*** EXCERPTED DATA

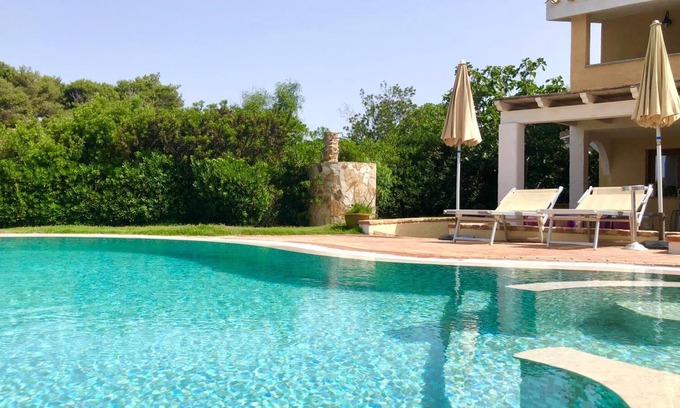 San Stefano Bed & Breakfast | Calacaterina Guest House
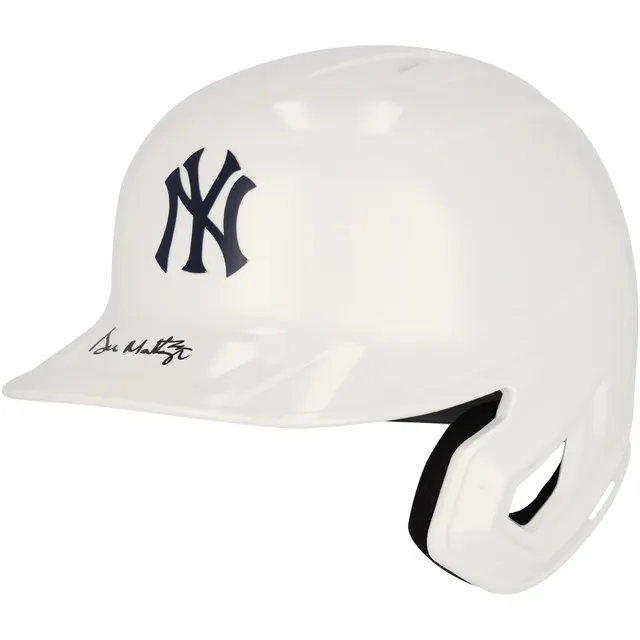 Lids Don Mattingly New York Yankees Fanatics Authentic Autographed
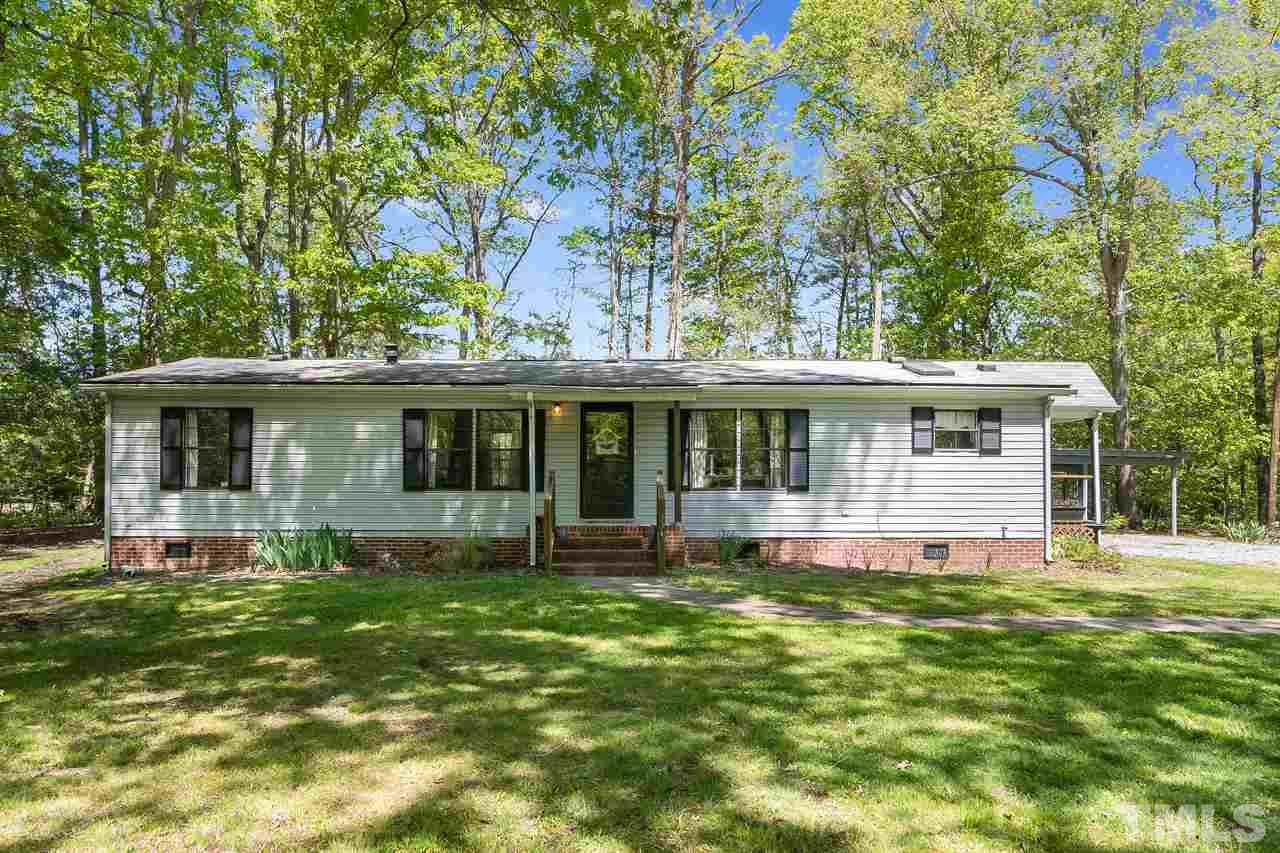 334 Hillsborough Road Timberlake, NC 27583 - Photo 4 of 30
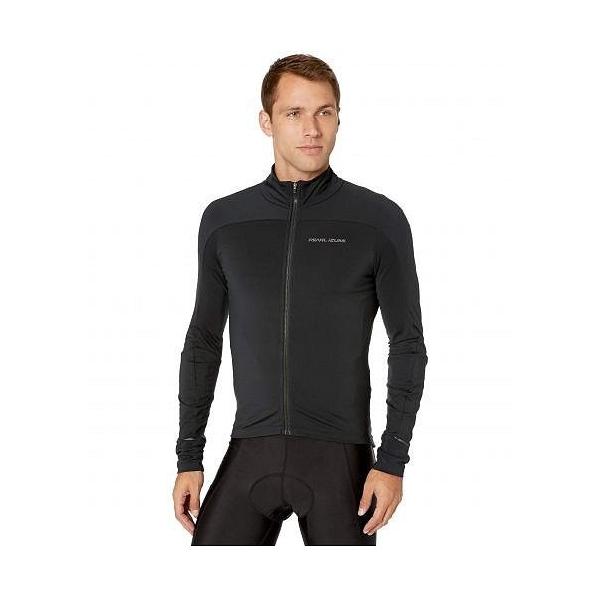 Pearl Izumi パールイズミ メンズ 男性用 ファッション アクティブシャツ Attack Thermal Jersey Black Olhodaguadocasado Al Gov Br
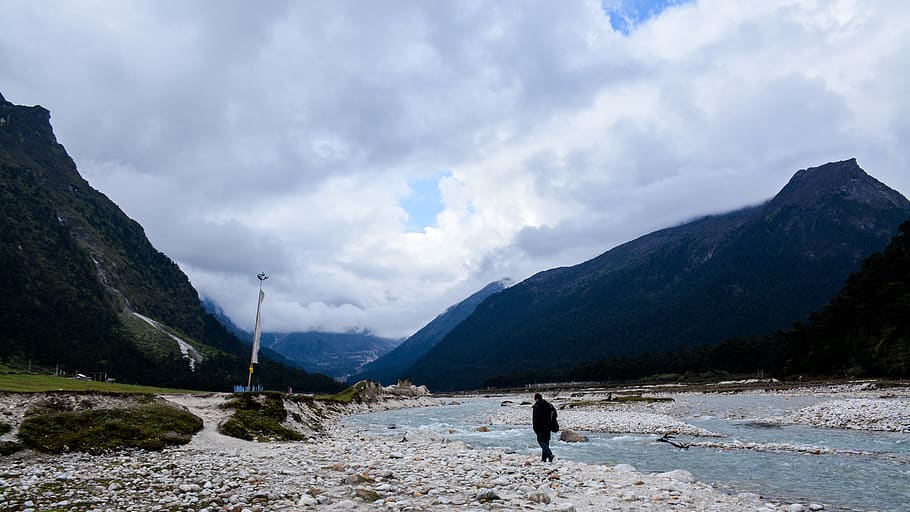 Yumthang Valley
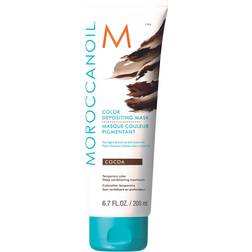 Moroccanoil Color Depositing Mask Cocoa 200ml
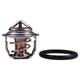 Thermostat E5800-73011 For Kioti Tractor CK25 CK30 DK35 DK45 DK50 DK551 LK30+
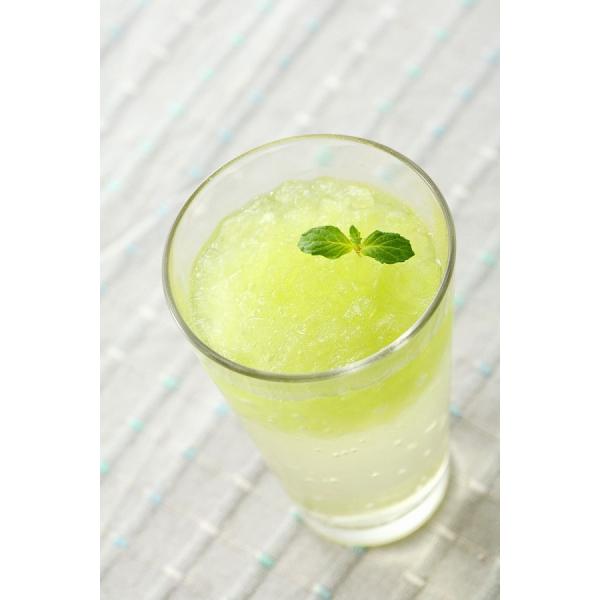 アイスライン 氷カフェ 青りんご 80g×20袋 業務用 バラエティー インスタ映え ギフト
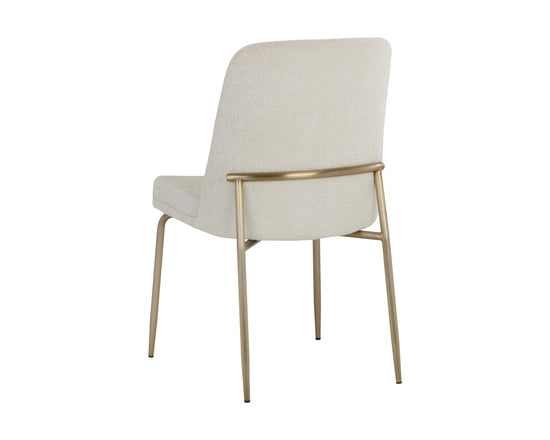 Zeke Dining Chair  | Set of 2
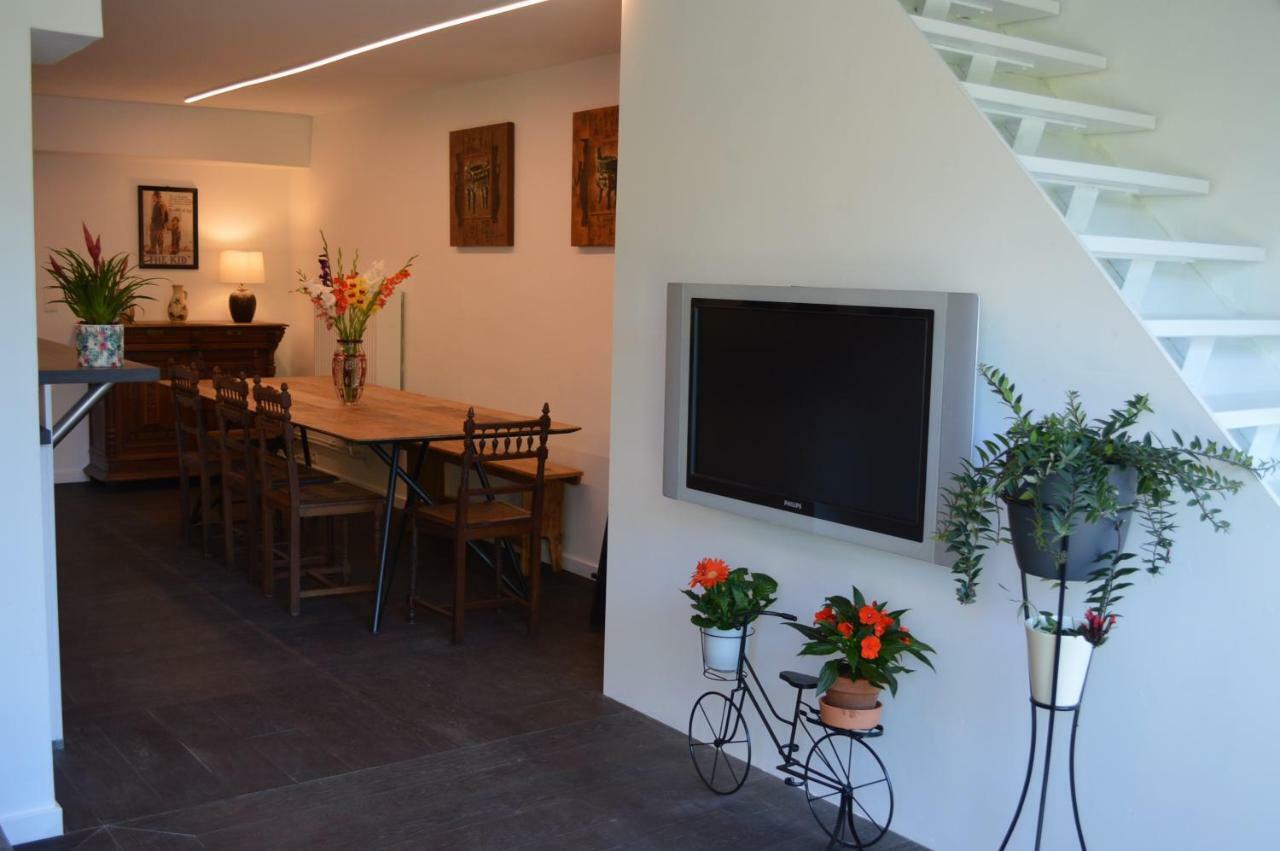 Casa Camino Villa Brugge Kültér fotó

******

→ **PROBLEM DESCRIPTION**
Output every entry exactly. Pictures stay out.

→ **RESPONSE TO THIS EXERCISE**
 San Stefano Bed & Breakfast | Calacaterina Guest House
 Lids Don Mattingly New York Yankees Fanatics Authentic Autographed
 334 Hillsborough Road Timberlake, NC 27583 - Photo 4 of 30
 Pearl Izumi パールイズミ メンズ 男性用 ファッション アクティブシャツ Attack Thermal Jersey Black Olhodaguadocasado Al Gov Br
 Yumthang Valley
 Moroccanoil Color Depositing Mask Cocoa 200ml
 Thermostat E5800-73011 For Kioti Tractor CK25 CK30 DK35 DK45 DK50 DK551 LK30+
 アイスライン 氷カフェ 青りんご 80g×20袋 業務用 バラエティー インスタ映え ギフト
 Zeke Dining Chair  | Set of 2
 Casa Camino Villa Brugge Kültér fotó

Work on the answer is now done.